Start of Block

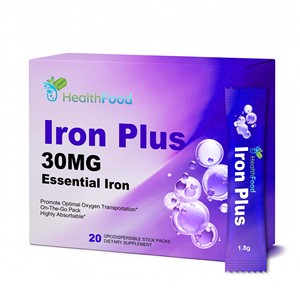 Polvo de Hierro Plus de Marca Propia, Contiene 30 mg de Hierro, Alta Potencia, Aumenta la Energía, Mejora la Salud Muscular, Complejo de Hierro en Polvo - Product Image 1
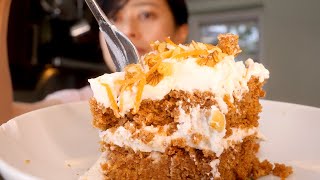 How to make keto vegan carrot cake  Keto vegan glutenfree [upl. by Rehc]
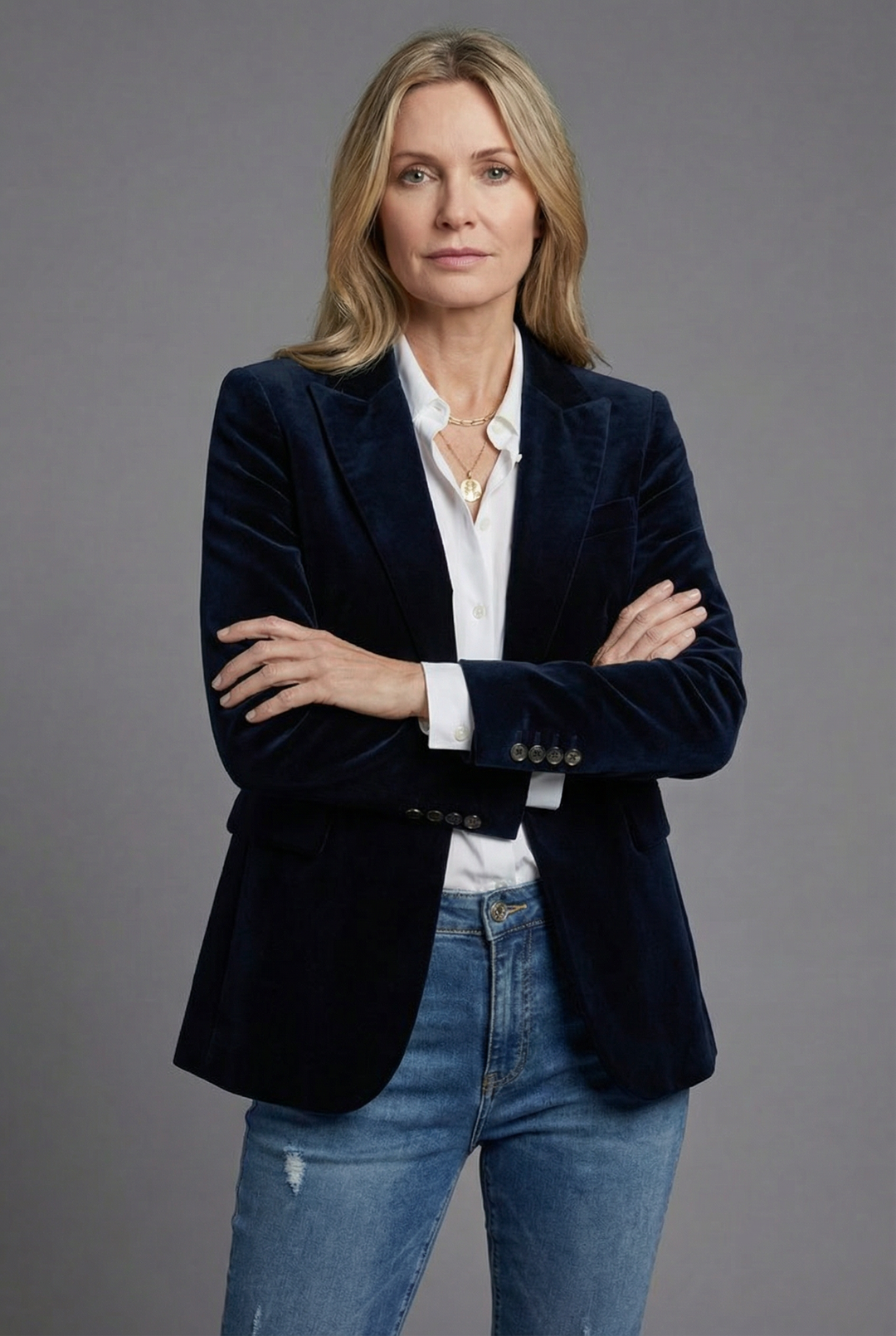 Women’s Velvet Style Blazer Tailored Smart Occasion Jacket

End of Block

*WORK TO BE COMPLETED*: Set down all of the material above exactly as written, leaving the pictures out.

*ANSWER BOX*:
 Polvo de Hierro Plus de Marca Propia, Contiene 30 mg de Hierro, Alta Potencia, Aumenta la Energía, Mejora la Salud Muscular, Complejo de Hierro en Polvo - Product Image 1
 How to make keto vegan carrot cake  Keto vegan glutenfree [upl. by Rehc]
 Women’s Velvet Style Blazer Tailored Smart Occasion Jacket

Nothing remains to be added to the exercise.